Charles K. Rice, Asst. Atty. Gen., Lee A. Jackson, Melva M. Graney, and Carolyn R. Just, Attorneys, Department of Justice, Washington, D.C., for respondent.
Before SWAN and MOORE, Circuit Judges, and KAUFMAN, District Judge.
This appeal presents a single point of narrow compass, namely, whether payments by the taxpayer in the amount of $25,000, in the year 1950 are deductible as ordinary and necessary expenses of carrying on its business. Sec. 23(a)(1)(A) of Internal Revenue Code of 1939 as amended, 26 U.S.C.A. § 23(a)(1)(A).

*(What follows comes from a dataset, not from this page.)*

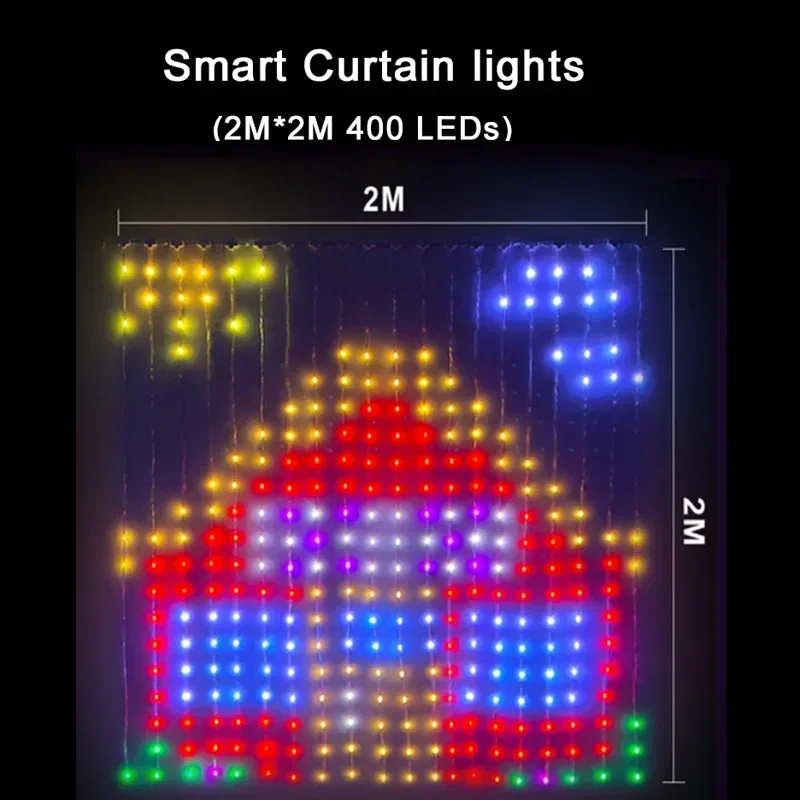 2*2M/3*3M 400Led Intelligente Lichtvorhänge Mit App-Steuerung Und Musikmodus, Ip65 Wasserdicht, Für Außen-Weihnachtsdekoration 2*2M/3*3M 400Led Intelligente Lichtvorhänge Mit App-Steuerung Und Musikmodus, Ip65 Wasserdicht, Für Außen-Weihnachtsdekoration - Image 3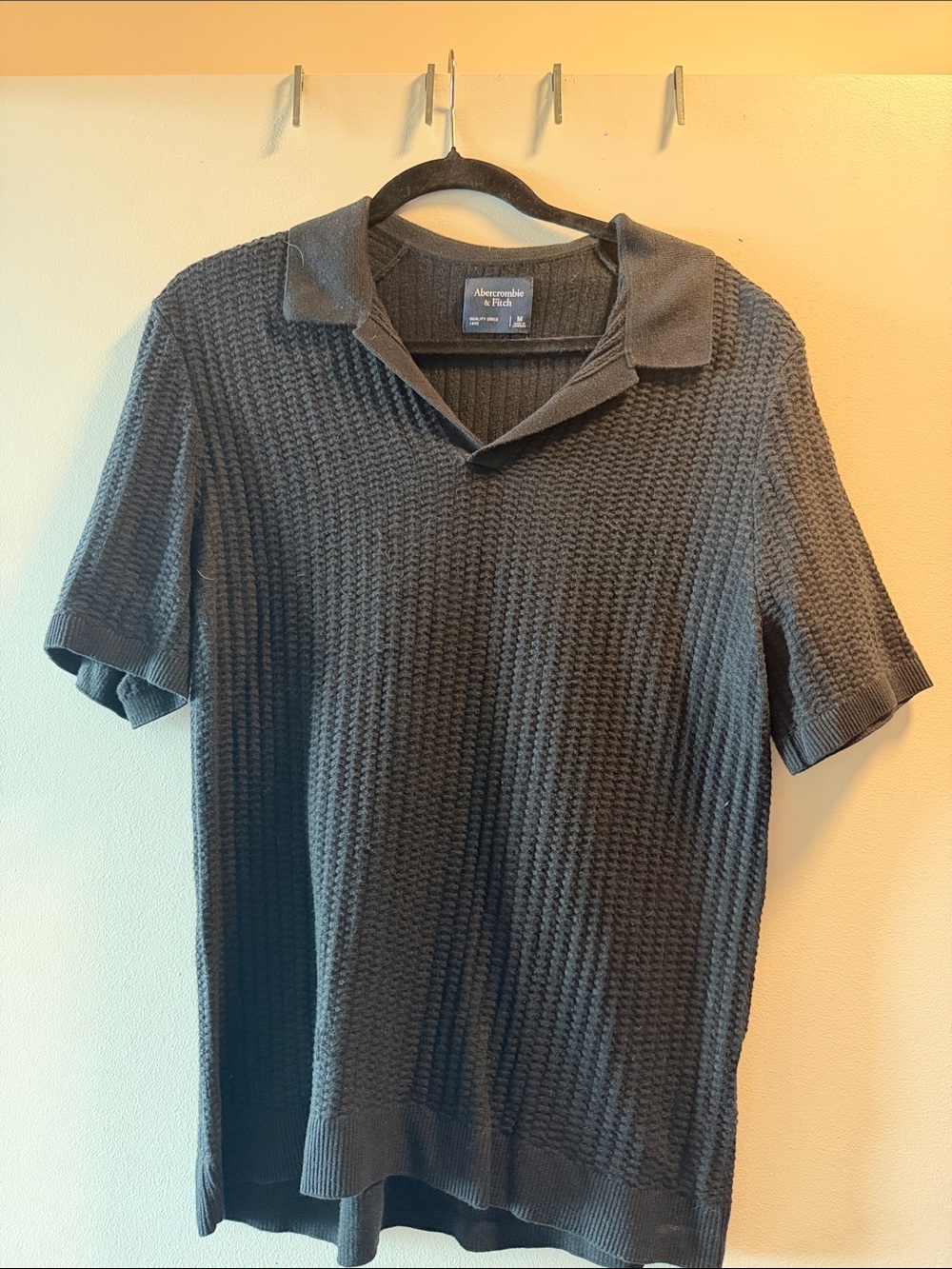 Abercrombie & Fitch Men's Short-Sleeve Knit Polo - Charcoal Gray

There is no dispute as to the facts. The taxpayer files its tax returns on an accrual and calendar year basis. It is engaged in the business of rendering raw materials, consisting of inedible animal fats, offal and bones which it collects from butcher shops, restaurants, chain stores, hotels and slaughter houses, and of selling the resulting products. The obtaining of raw materials in a large and steady volume is an essential part of the taxpayer's business. To insure this the taxpayer at times made various individual lump sum payments to the suppliers. Payments made to Food Fair Stores in 1950 aggregated $25,000. With respect to these payments the Tax Court found as follows:
"The payments made to Food Fair Stores, as set forth above, were made at the rate of $2,500 per store, in consideration for agreements giving petitioner the right for an indeterminate period to purchase all such raw materials as Food Fair Stores might have, at their stores, at such prices as would from time to time be agreed upon by petitioner and Food Fair Stores. There was no understanding or agreement between petitioner and Food Fair Stores as to the period of time during which petitioner would be permitted to purchase and collect raw materials from Food Fair Stores and such agreements were subject to being discontinued at any time by either party. Similar agreements had been made with Food Fair at varying amounts per store since 1939 with reference to upwards of 50 of its stores. These agreements were still in effect at the time of the trial of this case."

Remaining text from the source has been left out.